After much experimentation, Link concluded that the results were overall positive and did indeed prove  that the platform could be developed. Link confirmed that it would use the new knowledge generated for further research and development work, which could lead to iterations of the design.



Identifying Core R&D Activities
There are two types of core R&D activities:  
  1. Experimental activities whose outcome can not be determined in advance on the basis of current knowledge, information or experience, but can only be known by exercising a systematic progression of work that follows the principles of established science, proceeding from hypothesis to experiment, observation and evaluation, and lead to logical conclusions.
  2. Experimental activities that are conducted for the purpose of creating new knowledge.


Hypothesis Defined
AusIndustry recognises a hypothesis as a statement or proposition about what result is expected if certain conditions are put in place and certain actions are carried out in an experiment. It can range from an assumption or proposition to a theory, but it must establish the experimental activity and form part of a broader systematic progression of work undertaken by the company. It must be evident that the claimed experiment has been designed to test the hypothesis.

If the outcome of an activity can be obtained without a hypothesis, then the activity will not be considered R&D.

Link’s Supporting R&D Activities

Background research to evaluate current knowledge gaps and determine feasibility (background research for the in-vehicle compliance platform).

Link conducted the following experiments during its research phase:

  • Literature search and review, including maintaining awareness of changing legislation in the different states and zones
  • Consultation with industry professionals and potential customers to determine the level of interest and commercial feasibility of such a project
  • Preliminary equipment and resources review with respect to capacity, performance and suitability for the project
  • Consultation with key experts to determine the factors they considered important in the design, and to gain an understanding of how the design needed to be structured accordingly

These specific research activities were directly related to and supportive of  Link’s core R&D activities because they assisted in determining the fundamental elements of the research project.

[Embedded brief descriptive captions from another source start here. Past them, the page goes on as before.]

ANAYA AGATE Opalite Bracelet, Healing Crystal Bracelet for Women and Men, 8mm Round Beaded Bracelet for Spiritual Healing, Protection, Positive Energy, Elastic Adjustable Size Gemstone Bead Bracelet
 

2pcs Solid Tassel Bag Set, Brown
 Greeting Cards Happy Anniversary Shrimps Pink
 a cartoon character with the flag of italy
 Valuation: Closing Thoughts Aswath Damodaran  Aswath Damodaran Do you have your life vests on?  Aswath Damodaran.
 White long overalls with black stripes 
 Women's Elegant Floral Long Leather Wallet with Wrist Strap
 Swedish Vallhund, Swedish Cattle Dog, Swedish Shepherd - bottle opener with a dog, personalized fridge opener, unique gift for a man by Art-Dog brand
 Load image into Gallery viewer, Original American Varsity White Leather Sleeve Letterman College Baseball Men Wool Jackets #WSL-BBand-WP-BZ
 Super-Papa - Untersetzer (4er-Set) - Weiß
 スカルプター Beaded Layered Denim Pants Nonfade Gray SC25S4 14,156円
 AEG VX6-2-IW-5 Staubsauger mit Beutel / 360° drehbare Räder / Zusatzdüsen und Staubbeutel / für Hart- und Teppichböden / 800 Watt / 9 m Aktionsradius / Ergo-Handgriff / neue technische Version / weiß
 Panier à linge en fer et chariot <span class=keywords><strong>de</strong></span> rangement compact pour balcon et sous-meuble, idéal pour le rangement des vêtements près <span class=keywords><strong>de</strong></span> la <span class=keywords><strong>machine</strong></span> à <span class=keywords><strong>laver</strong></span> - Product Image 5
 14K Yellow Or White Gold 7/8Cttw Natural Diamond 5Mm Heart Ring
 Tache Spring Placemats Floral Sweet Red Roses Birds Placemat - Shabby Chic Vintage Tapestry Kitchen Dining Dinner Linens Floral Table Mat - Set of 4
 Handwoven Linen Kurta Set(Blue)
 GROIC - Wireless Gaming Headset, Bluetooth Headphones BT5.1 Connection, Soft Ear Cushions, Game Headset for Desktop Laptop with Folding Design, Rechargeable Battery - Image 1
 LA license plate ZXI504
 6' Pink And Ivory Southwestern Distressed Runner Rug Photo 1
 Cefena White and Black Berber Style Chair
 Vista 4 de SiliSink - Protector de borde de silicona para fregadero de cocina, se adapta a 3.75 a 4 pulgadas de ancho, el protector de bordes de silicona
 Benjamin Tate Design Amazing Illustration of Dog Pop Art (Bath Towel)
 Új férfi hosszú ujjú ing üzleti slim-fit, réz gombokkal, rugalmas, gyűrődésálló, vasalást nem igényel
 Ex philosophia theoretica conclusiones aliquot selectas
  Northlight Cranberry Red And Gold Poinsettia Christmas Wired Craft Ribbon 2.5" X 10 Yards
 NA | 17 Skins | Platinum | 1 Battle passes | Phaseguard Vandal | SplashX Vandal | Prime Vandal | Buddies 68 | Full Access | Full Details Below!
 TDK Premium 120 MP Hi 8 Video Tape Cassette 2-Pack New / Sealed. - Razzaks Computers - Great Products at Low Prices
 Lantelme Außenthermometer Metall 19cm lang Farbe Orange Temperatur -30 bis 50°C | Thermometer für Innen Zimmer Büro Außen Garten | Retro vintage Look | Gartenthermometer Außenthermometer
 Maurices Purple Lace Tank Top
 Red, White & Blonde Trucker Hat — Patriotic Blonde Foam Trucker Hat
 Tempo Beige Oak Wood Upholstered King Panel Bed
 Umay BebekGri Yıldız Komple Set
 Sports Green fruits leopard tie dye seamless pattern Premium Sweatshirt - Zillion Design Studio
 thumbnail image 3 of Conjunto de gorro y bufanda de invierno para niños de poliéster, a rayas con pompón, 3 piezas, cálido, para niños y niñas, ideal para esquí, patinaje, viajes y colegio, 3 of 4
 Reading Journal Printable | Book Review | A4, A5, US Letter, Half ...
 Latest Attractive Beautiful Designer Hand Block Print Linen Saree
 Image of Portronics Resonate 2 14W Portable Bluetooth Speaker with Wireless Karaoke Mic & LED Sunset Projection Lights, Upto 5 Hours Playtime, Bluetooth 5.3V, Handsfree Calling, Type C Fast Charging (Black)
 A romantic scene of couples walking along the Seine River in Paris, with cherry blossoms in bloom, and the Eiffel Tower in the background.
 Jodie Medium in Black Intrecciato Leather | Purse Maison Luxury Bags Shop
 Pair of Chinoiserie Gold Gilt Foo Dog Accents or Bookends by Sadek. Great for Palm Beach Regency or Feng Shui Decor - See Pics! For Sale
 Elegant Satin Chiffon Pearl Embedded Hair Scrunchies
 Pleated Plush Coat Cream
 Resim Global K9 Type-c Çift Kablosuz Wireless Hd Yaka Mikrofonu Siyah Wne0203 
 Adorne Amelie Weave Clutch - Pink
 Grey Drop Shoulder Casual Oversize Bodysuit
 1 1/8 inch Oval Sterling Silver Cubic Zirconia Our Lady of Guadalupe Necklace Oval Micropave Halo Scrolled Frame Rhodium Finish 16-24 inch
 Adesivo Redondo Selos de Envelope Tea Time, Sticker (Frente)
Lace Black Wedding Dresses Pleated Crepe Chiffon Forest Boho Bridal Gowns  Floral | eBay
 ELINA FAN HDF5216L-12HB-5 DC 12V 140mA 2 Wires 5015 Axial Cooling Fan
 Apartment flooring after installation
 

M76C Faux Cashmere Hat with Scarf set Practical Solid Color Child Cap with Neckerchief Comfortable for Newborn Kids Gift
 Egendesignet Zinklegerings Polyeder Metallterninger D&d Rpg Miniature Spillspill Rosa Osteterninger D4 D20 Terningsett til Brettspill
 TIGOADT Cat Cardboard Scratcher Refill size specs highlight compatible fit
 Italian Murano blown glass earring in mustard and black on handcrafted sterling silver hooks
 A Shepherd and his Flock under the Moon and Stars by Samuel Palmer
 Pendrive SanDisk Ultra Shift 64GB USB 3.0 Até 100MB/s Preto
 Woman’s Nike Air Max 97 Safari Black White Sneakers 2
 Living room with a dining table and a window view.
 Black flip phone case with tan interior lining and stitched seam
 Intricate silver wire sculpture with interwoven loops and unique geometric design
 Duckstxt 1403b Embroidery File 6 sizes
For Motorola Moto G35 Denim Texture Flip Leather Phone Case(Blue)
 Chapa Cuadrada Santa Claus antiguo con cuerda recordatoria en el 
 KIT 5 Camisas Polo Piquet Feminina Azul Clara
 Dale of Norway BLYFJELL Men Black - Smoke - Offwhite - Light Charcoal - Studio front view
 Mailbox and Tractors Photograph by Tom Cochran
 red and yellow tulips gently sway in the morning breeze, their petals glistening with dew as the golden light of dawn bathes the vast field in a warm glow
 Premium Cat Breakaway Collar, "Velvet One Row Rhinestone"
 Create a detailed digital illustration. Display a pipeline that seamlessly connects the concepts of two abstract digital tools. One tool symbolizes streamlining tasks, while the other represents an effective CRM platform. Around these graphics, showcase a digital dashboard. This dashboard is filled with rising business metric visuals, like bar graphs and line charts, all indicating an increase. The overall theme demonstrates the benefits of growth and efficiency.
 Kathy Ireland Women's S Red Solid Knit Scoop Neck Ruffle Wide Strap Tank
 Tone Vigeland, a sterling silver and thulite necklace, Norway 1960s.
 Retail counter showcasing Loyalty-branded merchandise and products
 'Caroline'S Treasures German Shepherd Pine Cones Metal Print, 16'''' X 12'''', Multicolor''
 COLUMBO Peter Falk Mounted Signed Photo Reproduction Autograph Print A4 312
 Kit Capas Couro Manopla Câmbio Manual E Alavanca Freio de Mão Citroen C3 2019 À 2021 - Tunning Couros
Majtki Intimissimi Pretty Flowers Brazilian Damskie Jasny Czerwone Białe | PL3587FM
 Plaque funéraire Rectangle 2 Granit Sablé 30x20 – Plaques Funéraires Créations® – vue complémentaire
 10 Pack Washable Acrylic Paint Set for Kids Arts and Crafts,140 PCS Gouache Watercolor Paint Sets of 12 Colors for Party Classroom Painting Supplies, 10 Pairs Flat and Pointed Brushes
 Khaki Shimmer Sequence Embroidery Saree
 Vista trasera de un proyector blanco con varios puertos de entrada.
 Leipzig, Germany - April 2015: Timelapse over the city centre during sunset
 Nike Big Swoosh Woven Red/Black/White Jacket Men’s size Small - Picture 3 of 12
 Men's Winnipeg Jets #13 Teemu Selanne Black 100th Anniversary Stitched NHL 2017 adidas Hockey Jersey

Ongoing analysis of customer or user feedback to improve the prototype design (feedback R&D of the in-vehicle compliance platform).

 Link’s supporting R&D work included:

  • Ongoing analysis and testing to improve the efficiency and safety of the project.
  • Ongoing development and modification to interpret the experimental results and draw conclusions that served as starting points for the development of new hypotheses.
  • Commercial analysis and functionality review.

These supporting activities were directly related to Link’s core activities because the feedback was imperative to evaluate the performance capabilities of the new design in the field and to improve any flaws in the design.



Identifying Supporting R&D Activities
Activities that do not form part of the core experimental activities may still be eligible as supporting R&D activities. Supporting R&D activities are directly related to an eligible core R&D activity. They must have been performed for the primary purpose of supporting a qualified R&D activity.

What records and specific documentation did Link keep?

To meet the R&D Tax Incentive requirements, Link had to save documents that outlined what it did in its core R&D activities, including experimental activities and documents to prove that the work took place in a systematic manner. Link saved the following documentation:

  • Project records/ lab notes
  • Conceptual sketches
  • Design drawings
  • Literature review
  • Background research
  • Design documents for system architecture and source code
  • Testing protocols
  • Results of records of analysis from testing/trial runs
  • Records of resource allocation/usage logs
  • Staff time sheets
  • Tax invoices

By having these records on file, Link confirmed that it was ‘compliance ready’ — meaning if it was audited by the ATO, it could present documentation to show the progression of its R&D work.